═══ Data below

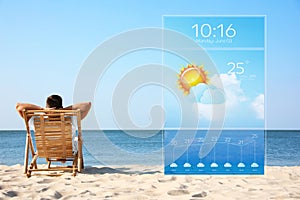 Young man relaxing in deck chair on beach and weather forecast widget. Mobile application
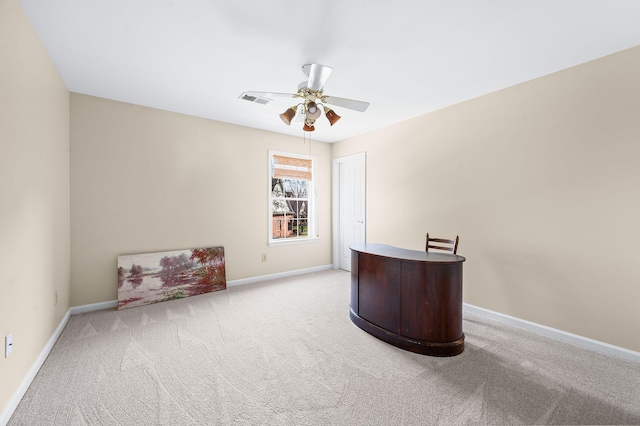 home office with visible vents, a ceiling fan, carpet, and baseboards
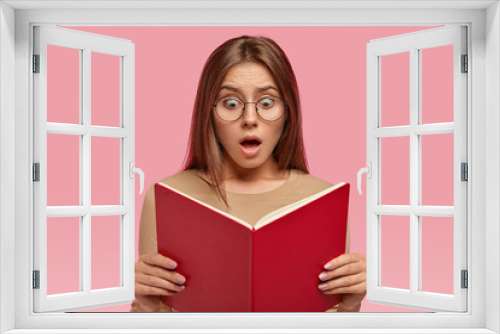 Headshot of surprised woman with terrified expression, stares at book, reads shocking information while prepares for examination, keeps jaw dropped, isolated over pink background. Reaction concept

══════

→ Problem description:
Transcribe the listing exactly, skipping pictures.

→ Solution:
 Young man relaxing in deck chair on beach and weather forecast widget. Mobile application
 home office with visible vents, a ceiling fan, carpet, and baseboards
 Headshot of surprised woman with terrified expression, stares at book, reads shocking information while prepares for examination, keeps jaw dropped, isolated over pink background. Reaction concept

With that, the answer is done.